Yiddish Vinkl for Aug. 9

Nisht ahin nisht aher (sometimes Nit ahin nit aher)

(nisht aHEEN nisht aHAIR)

Meaning: Neither here nor there; neither one thing or another

• “Taken together, ethnic studies often try to serve too many interests, too many masters, and as a result such programs are neither one thing nor another-nit ahin nit aher…” (From editorial in scholarly journal, “Academic Questions,” March 1997; (bit.ly/2GWjQbZ)

• “Mama used the phrase nisht ahin un nisht aher (not there and not here) often with papa, for few matters were important to her except her boys, money, yiddishkayt, and President Roosevelt. On the other hand papa had strong opinions on everything.”

• Nisht ahin nisht aher was one answer when presented with something that sounded suspicious or shady.

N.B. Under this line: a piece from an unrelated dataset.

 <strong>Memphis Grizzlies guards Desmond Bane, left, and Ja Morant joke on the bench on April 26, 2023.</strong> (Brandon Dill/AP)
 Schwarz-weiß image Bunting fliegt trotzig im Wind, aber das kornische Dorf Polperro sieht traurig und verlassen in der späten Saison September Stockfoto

• “Nisht geshtoygn un nisht gefloygn / didn’t climb up and didn’t fly.” Similar expression to Nit ahin nit aher, meaning it’s a very witty and slyly subversive way of saying something is (nonsense) b-------” (bit.ly/2GJSoxK)


Shaker Heights resident Harold Ticktin prepares “Yiddish Vinkl” for the Cleveland Jewish News.